Abstracts

S1.2 Non-reassuring Fetal Heart Rate Pattern – When to Deliver?

Prof Sir S. Arulkumaran
Symposium 1 – Obstetrics & Intrapartum Care

Professor Emeritus of Obstetrics & Gynaecology, St George’s University of London

The fetus receives its oxygen and nutrition through the umbilical cord (from the placenta) that floats in the amniotic fluid.  The placenta receives oxygen from the maternal blood. Uterine contractions of labour reduce or intermittently cut off the blood perfusion into the retroplacental area thus reducing the exchange of gases and essential nutrition to the fetus. Pregnancies known to be at high risk have continuous observation of the fetal heart rate (FHR) and uterine contractions i.e. cardiotocography (CTG) electronically (EFM). Electronic fetal monitoring by CTG is fraught with problems of high sensitivity but low specificity. Monitoring by CTG is by pattern recognition. This ends in unnecessary operative deliveries if interpreted without the understanding of the pathophysiology. At times the fetuses that are acidotic are missed. Fetal scalp blood sampling (FBS) increases the specificity and reduces un-necessary operative delivery rates. FBS is an intermittent measure and failure to get adequate samples is not uncommon. The value of FBS has been challenged.

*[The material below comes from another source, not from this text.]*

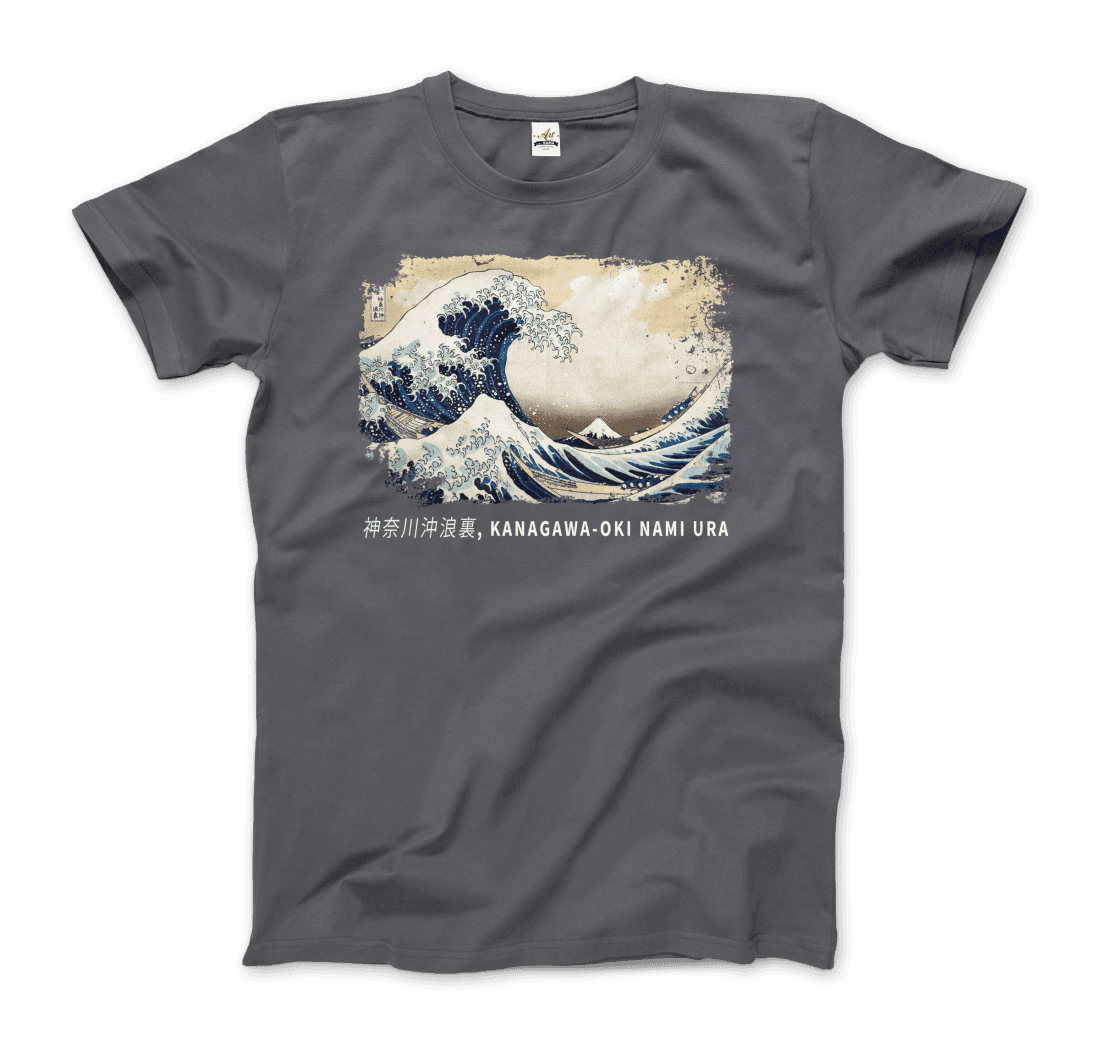 The Great Wave off Kanagawa Artwork T-Shirt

The CTG at term should have a baseline rate between 110 to 160 bpm – however a rise in the baseline of a particular fetus of its own baseline within the normal range is of significance and may suggest hypoxia or infection. The presence of accelerations suggests a non acidotic fetus and is considered to reflect the integrity of the somatic nervous system. The baseline variability reflects the integrity of the autonomic nervous system (sympathetic and parasympathetic) and a normal baseline variability (BLV) of 5 to 25 beats reflect a small chance of acidosis. Reduction of BLV of < 5 bpm especially when associated with decelerations increases the chance of acidosis and the absence of variability with decelerations needs intervention in the form of changing position, hydration, stopping oxytocin, fetal scalp blood sampling or delivery of the fetus. The worsening pattern is reflected by the increase in baseline rate with catecholamine surge, absence of accelerations, increase in depth and duration of decelerations, reduction of time spent at the baseline rate and reduction and finally absent baseline variability (i.e. gradually developing hypoxia). With this progression and absent variability action should be to deliver the fetus unless spontaneous delivery is imminent or the situation of stress can be reduced or reversed. In the late first and second stage of labour at times the decelerations could last 90 to 120 seconds with the FHR being at the baseline rate for <60 seconds and mostly with salutatory variability (>25 bpm) reflecting hypoxia and over reaction by the autonomic nervous system. Intervention within 30 to 40 minutes is recommended to prevent sub-acute hypoxia leading to acidosis. A prolonged deceleration of <80 bpm is likely to lead to acidosis at a rate of 0.01 every minute and delivery within 15 minutes should help to avoid asphyxia. Some foetuses may be already partially compromised and present with absent or minimal baseline variability and shallow decelerations. They usually present a clinical history of meconium, infection, bleeding or absent fetal movements. These foetuses are best delivered early to avoid increasing hypoxia.